I compare the following scenarios:
1. Saving 20000 replica of the text representation of a Person object
into a text file and then reading them and constructing a person object
from the text representation 20000 times.

2. Saving the same number of replica of the serializable Person object
into a binary file and reconstructing the object the same number of time
from that representation.

I measure the performance time (using System.currentTimeMillis() before
and after and subtracting) of each action

What I see, to my surprize, is that the text representation is more
expensive in memory terms but much much faster to process than the
binary representation. This must mean that serialization /
deserialization of objects in a binary representation is slower than
constructing objects. My saving of space is due to the fact that I am
using the same class, and Java, therefore, only codes the class once
into the file.

My questions are:

1. Is my experiment (see code pieces below) valid and general enough to
compare the performances?


2. Are there cases, similar in spirit to the one above
where a binary representation would outperform a text representation
also in processing time?

(A complete code can be downloaded from here:
http://bibin.hio.no/vu/programmering/uke_19/TestLagring_1.java

----------------------------------------------------------
//Person.java - En klasse som modellerer en
// generisk person
package no.hio.bibin.michaelp.person;

public class Person implements java.io.Serializable
{
//felter (klassens egenskaper)
private String fornavn;//first name
private String etternavn;//last name
private String personnr;//id-number
private boolean kvinne;//gender (true for woman)

//accessor-metoder
public String getFornavn(){
return fornavn;
}
public void setFornavn(String fNavn){
fornavn=fNavn;
}
public String toString(){
String ret= "";
/*if (kvinne){
ret+="Fr. ";
}else{
ret+="Herr ";
}*/
String tf=kvinne?"true":"false";
ret+=etternavn+" "+fornavn+" "+personnr+" "+tf;
return ret;
}
public String getEtternavn(){
return etternavn;
}
public void setEtternavn(String eNavn){
etternavn=eNavn;
}
public String getPersonnr(){
return personnr;
}
public void setPersonnr(String pNr){
personnr=pNr;
}
public boolean getKvinne(){
return kvinne;
}
public void setKvinne(boolean kv){
kvinne=kv;
}
/*public Person(){}*/
/* public String toString(){

}*/
public double arbeidsLast(){
return 0;
}

public Person(String fNavn, String eNavn, String pNr, boolean kvn){
fornavn=fNavn;
etternavn=eNavn;
personnr=pNr;
kvinne=kvn;
}
public String getFodselsdato(){
return personnr.substring(0,6);
}
}
-----------------------------------------------------------------------

//Saving the binary representation

public static void lagreBin(int antallGanger) throws IOException{
oos=new ObjectOutputStream(new FileOutputStream(filebin));
for (int i=0;i<antallGanger;i++){
oos.writeObject(p);
}
oos.close();


}

//saving text representation

public static void lagreString(int antallGanger) throws IOException{
bw=new BufferedWriter(new FileWriter(filetext));
for (int i=0;i<antallGanger;i++){
bw.write(p.toString());
bw.newLine();
}
bw.close();


}

//reconstructing from text representation

public static void lesInnString(int antallGanger) throws IOException{
br=new BufferedReader(new FileReader(filetext));
for (int i=0;i<antallGanger;i++){

String ps=br.readLine();
String[] sa=ps.split(" ");
boolean kv=sa[2].equals("true");
Person p=new Person(sa[0], sa[1], sa[2], kv );
}
}

//reconstructing from binary representation

public static void lesInnBin(int antallGanger) throws IOException,
ClassNotFoundException{
ois=new ObjectInputStream(new FileInputStream(filebin));
for (int i=0;i<antallGanger;i++){
Person p= (Person) ois.readObject();
}
ois.close();
}


Michael Preminger
Høgskolen i Oslo
p48/R507
22 45 27 78
 
S

Skip

Object{In|Out}putStream uses Reflection to (de)serialize Objects.

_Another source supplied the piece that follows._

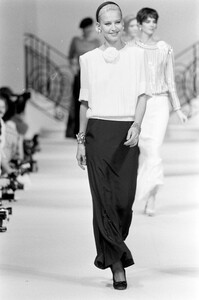 NitaSalovaara_ChanelSS1985_07.jpg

You can design your own binary format, using the java.io.Externalizable
interface instead of java.io.Serializable in combination with
Object{In|Out}putStreams.

This should give you a nice speedboost over both Serializable *and* plain
text.

Example:

public class Person implements java.io.Externalizable
{
// all your class contents
// ...
String name;
byte age;

public void readExternal(ObjectInput in)
{
name = in.readUTF();
age = in.readByte();
}


public void writeExternal(ObjectOutput out)
{
in.writeUTF(name);
in.writeByte(age);
}
}

//

Person p = new Person();
new ObjectOutputStream(...).writeObject(p); // uses your binary format
 
?

=?ISO-8859-1?Q?Daniel_Sj=F6blom?=

Michael said:
In association with a Programming course, I need to explore the
performance differences between using binary
files (serialized object representation saved to a file) and text files
(text representations of the same object).

I have made a simple experiment:

I created a class Person with some simple attributes (code given)
below). I gave it a text representation (toString()), that covers
everything needed for a unique reconstruction of an object.
My questions are:

1. Is my experiment (see code pieces below) valid and general enough to
compare the performances?

No. It is a comparison of two entirely different things. You have
constructed a text format that is specifically tailored towards the
class you constructed and are comparing it with a general binary format
capable of representing any information in a java class. It should be no
surprise that the custom format is faster, whether it is binary or not.

A meaningful comparison would be between a custom binary format and a
custom text format, or a comparison between a general binary format and
a general text format. For instance you could compare XDR (external data
representation) and an XML representation of similar capabilities (I'm
2. Are there cases, similar in spirit to the one above
where a binary representation would outperform a text representation
also in processing time?

As I said above, you cannot draw any kind of meaningful conclusions from
the experiment you did.
 
R

Ross Bamford

In association with a Programming course, I need to explore the
performance differences between using binary
files (serialized object representation saved to a file) and text files
(text representations of the same object).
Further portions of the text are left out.